--- Records for the task Enclosed Below ---

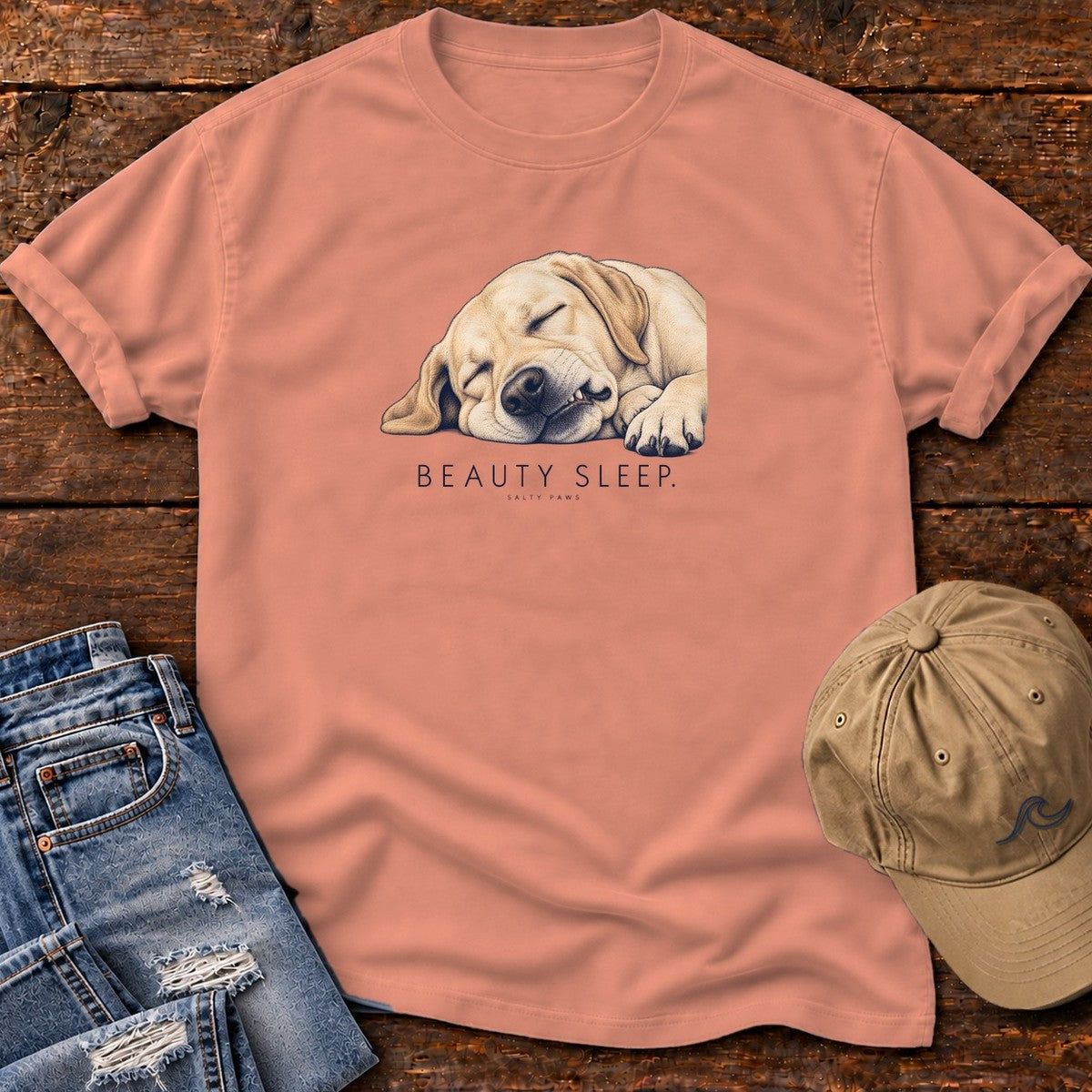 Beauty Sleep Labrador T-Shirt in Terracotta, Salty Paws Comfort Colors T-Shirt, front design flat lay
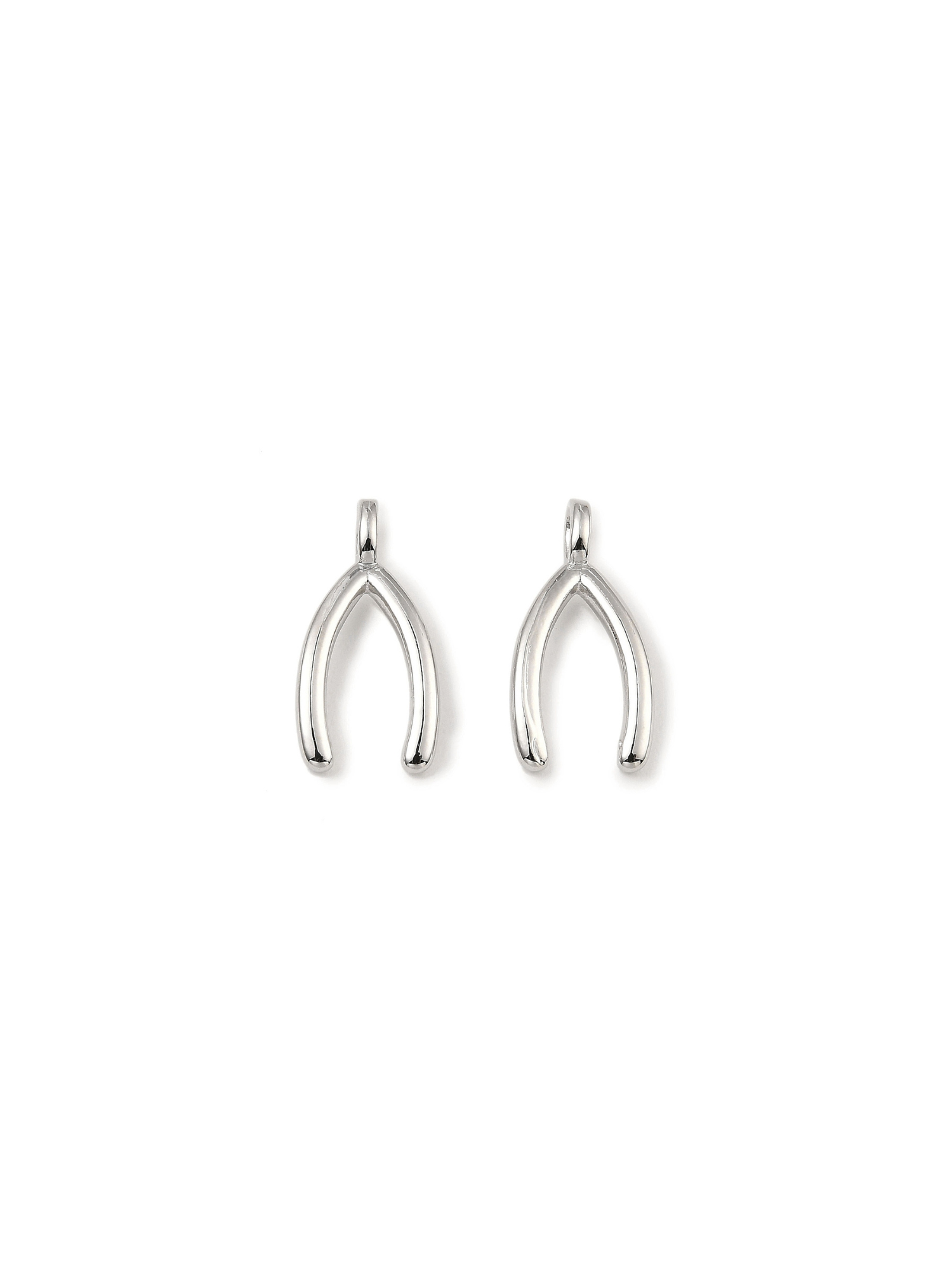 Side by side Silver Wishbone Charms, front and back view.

--- End of Enclosed Records for the task ---
--- Records for the task Enclosed Below ---

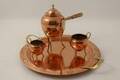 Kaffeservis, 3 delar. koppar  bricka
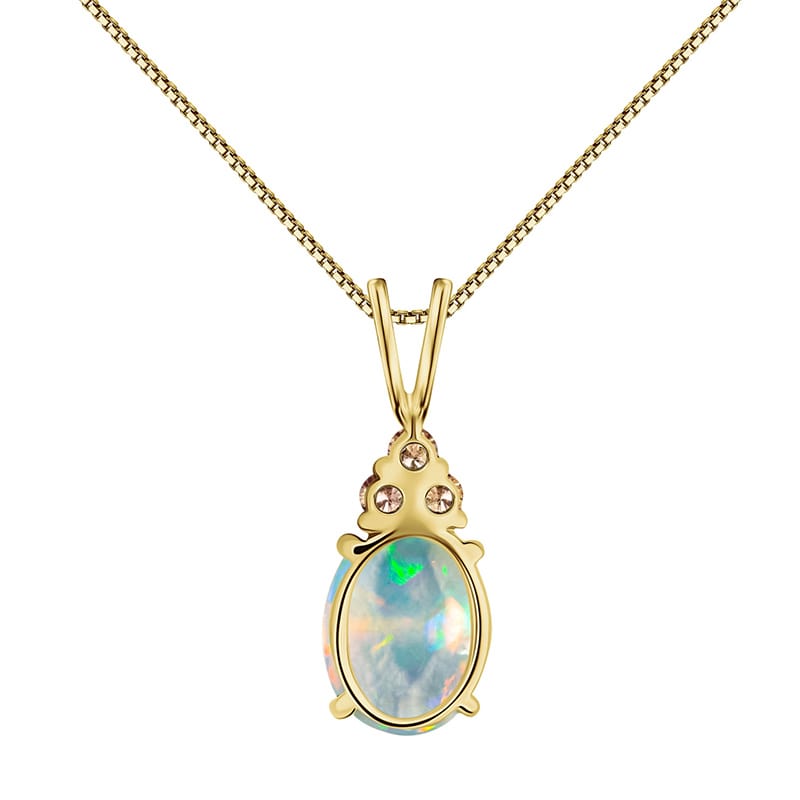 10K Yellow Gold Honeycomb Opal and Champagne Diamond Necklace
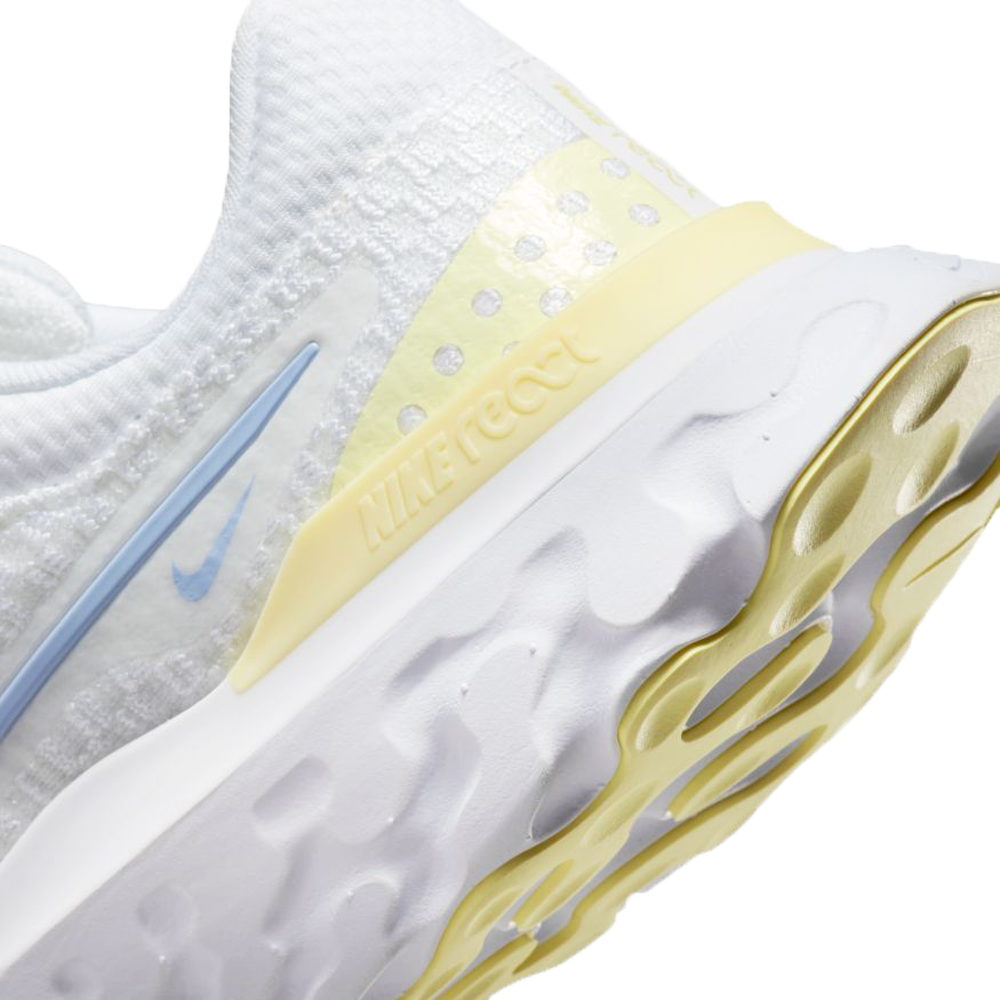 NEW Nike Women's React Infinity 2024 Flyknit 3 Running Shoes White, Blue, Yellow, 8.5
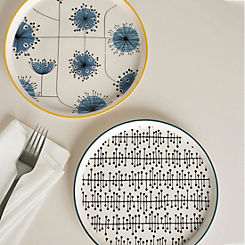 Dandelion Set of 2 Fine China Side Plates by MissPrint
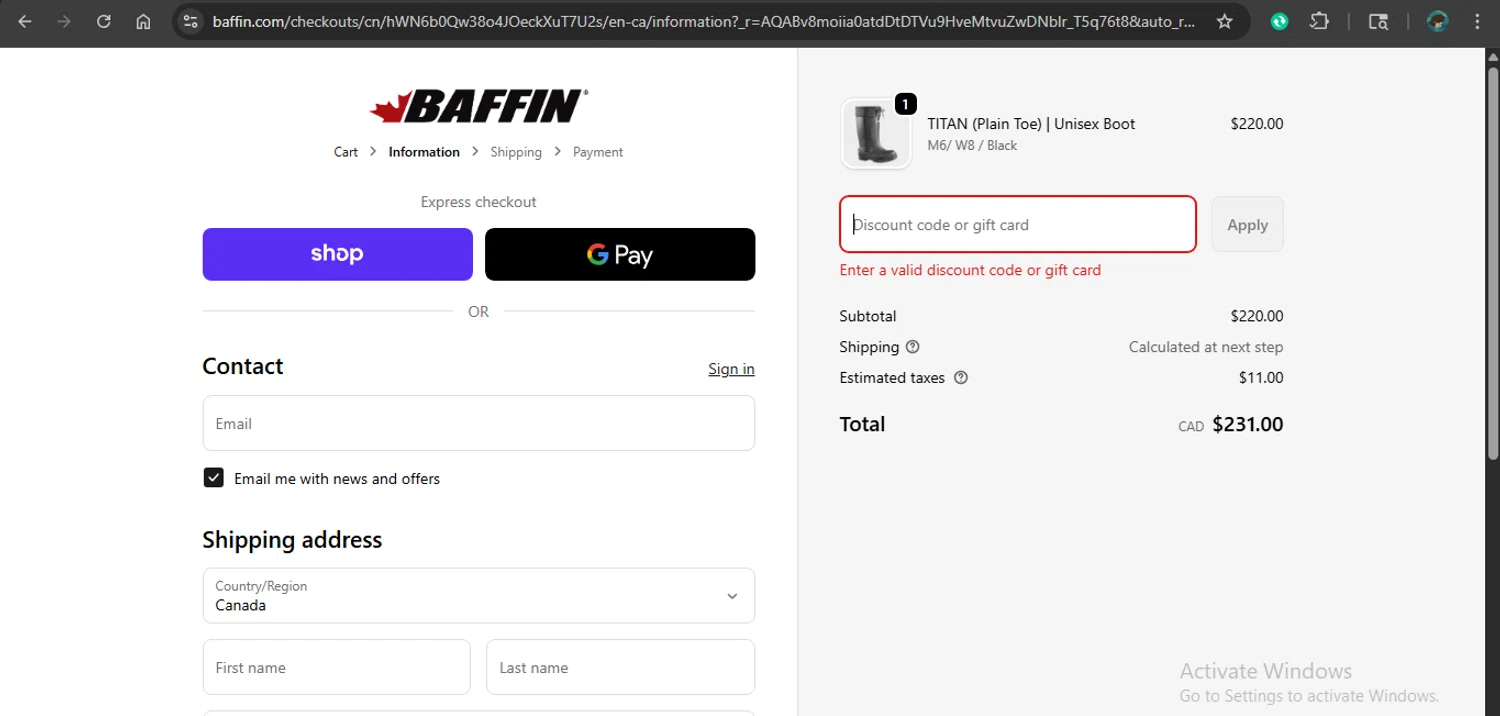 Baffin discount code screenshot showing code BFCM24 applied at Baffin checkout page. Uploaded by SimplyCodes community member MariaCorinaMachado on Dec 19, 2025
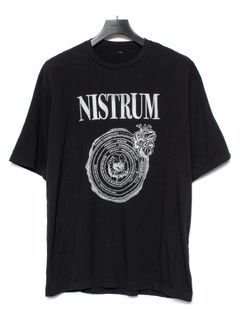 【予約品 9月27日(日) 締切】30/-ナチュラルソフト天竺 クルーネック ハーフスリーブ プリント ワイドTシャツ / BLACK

--- End of Enclosed Records for the task ---

--- What the exercise asks ---
Text only, no pictures: please print exactly the lines above from the line with "Dandelion Set of" up to and including the line with "ワイドTシャツ / BLACK", and nothing else.

--- Solution to the problem ---
 Dandelion Set of 2 Fine China Side Plates by MissPrint
 Baffin discount code screenshot showing code BFCM24 applied at Baffin checkout page. Uploaded by SimplyCodes community member MariaCorinaMachado on Dec 19, 2025
 【予約品 9月27日(日) 締切】30/-ナチュラルソフト天竺 クルーネック ハーフスリーブ プリント ワイドTシャツ / BLACK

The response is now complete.